The Butterfly Effect chronology
| The Butterfly Effect EP (2001) | Begins Here (2003) | Imago (2006) |

Singles from Begins Here
- "Crave" Released: 2001; "Always" Released: 2004;

= Begins Here =

Begins Here is the debut full-length album by the Brisbane rock band the Butterfly Effect. Begins Here reached number 23 on the ARIA Album Charts, the band's first entry to the top 100, as their first extended play The Butterfly Effect had peaked outside of the top 100.

The album features two tracks that made the Triple J Hottest 100 voted by Triple J listeners. "One Second of Insanity" came 68th in the 2003 Hottest 100 and "Always" came 99th in the 2004 Hottest 100. Some copies of Begins Here were released with the "Always" single as a bonus disc.

The music style of "Begins Here" is a transition in sound between their EP and "Imago" with the EP having an alternative metal sound and "Imago" employing a more progressive rock feel. "Begins Here" contains most of the heaviest material TBE has done so far. After nearly three years of release, in mid-2006 "Begins Here" was certified Gold in Australia, with sales in excess of 35,000 copies.

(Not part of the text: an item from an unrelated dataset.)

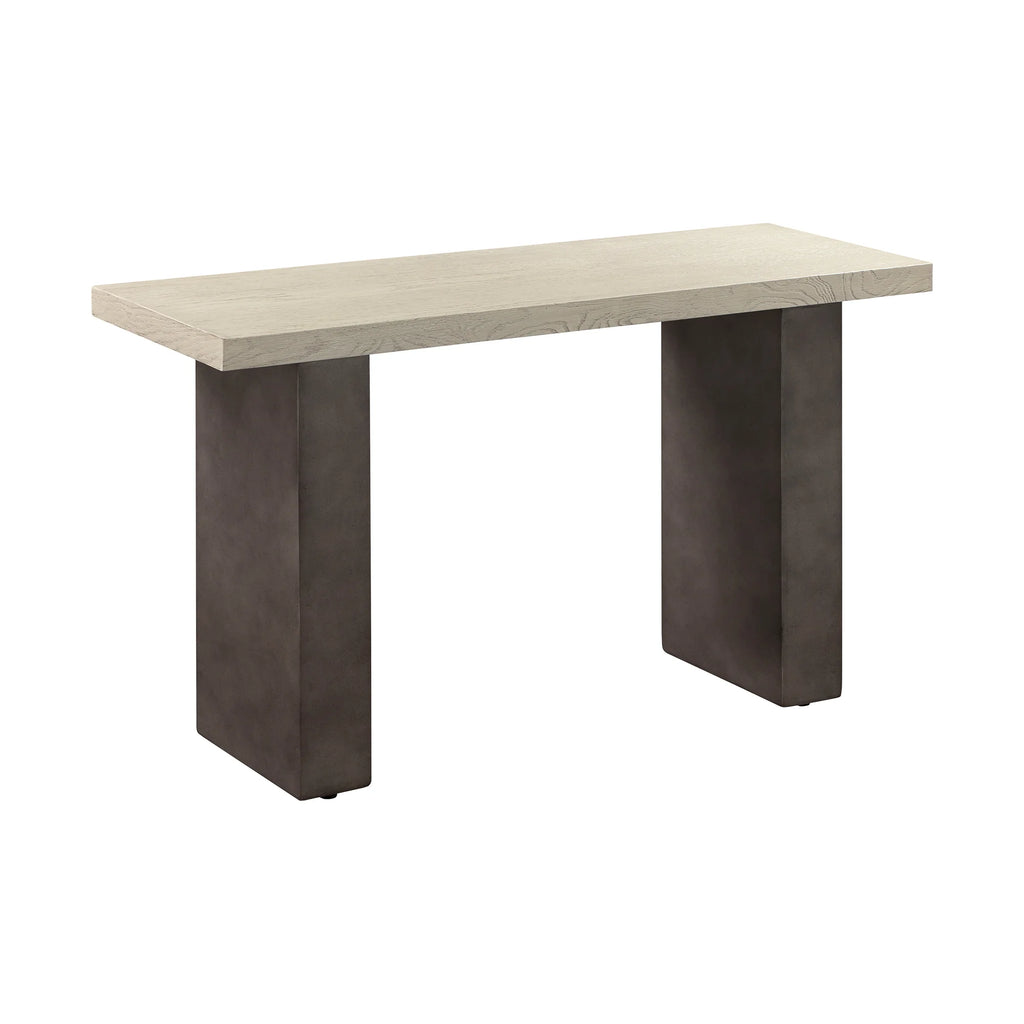 Concrete and Grey Oak Wood Console Table K91949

Flynn Gower, the vocalist of the Australian progressive rock band Cog, makes a guest appearance on the song "Perception Twin".

Professional ratings
Review scores
| Source | Rating |
| AllMusic | link |
| MusicOHM | link |
| Rolling Stone (Australia) | link |

==Track listing==

| No. | Title | Length |
|---|---|---|
| 1. | "Intro" | 1:59 |
| 2. | "Perception Twin" (feat. Flynn Gower) | 3:44 |
| 3. | "Consequence" | 4:28 |
| 4. | "One Second of Insanity" | 2:22 |
| 5. | "Crave" | 3:57 |
| 6. | "Beautiful Mine" | 4:17 |
| 7. | "Filling Silence Intro" | 1:24 |
| 8. | "Filling Silence" | 4:40 |
| 9. | "Always" | 3:58 |
| 10. | "Without Wings" | 5:33 |
| 11. | "Overwhelmed" | 3:30 |
| 12. | "A.D" | 5:09 |
| 13. | "Outro" | 1:16 |

==Personnel==

- Band
- Clint Boge – lead vocals
- Kurt Goedhart – lead guitar
- Glenn Esmond – bass guitar
- Ben Hall – drums

== Charts ==

| Chart (2003–06) | Peak position |
|---|---|
| Australian Albums (ARIA) | 23 |

==Certifications==

| Region | Certification | Certified units/sales |
| Australia (ARIA) | Gold | 35,000^{^} |
^{^} Shipments figures based on certification alone.